--- DATA SECTION ---

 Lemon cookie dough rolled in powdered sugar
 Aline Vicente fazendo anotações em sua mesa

---
--- DATA SECTION ---

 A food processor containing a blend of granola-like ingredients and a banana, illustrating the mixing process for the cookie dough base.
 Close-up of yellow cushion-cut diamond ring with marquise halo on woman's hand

---

Looking at the entries above, can you reproduce exactly the lines from the one that holds "Lemon cookie dough rolled in powdered sugar" through the one that holds "Aline Vicente fazendo anotações em sua mesa", and only those?

# [YOUR SOLUTION]
 Lemon cookie dough rolled in powdered sugar
 Aline Vicente fazendo anotações em sua mesa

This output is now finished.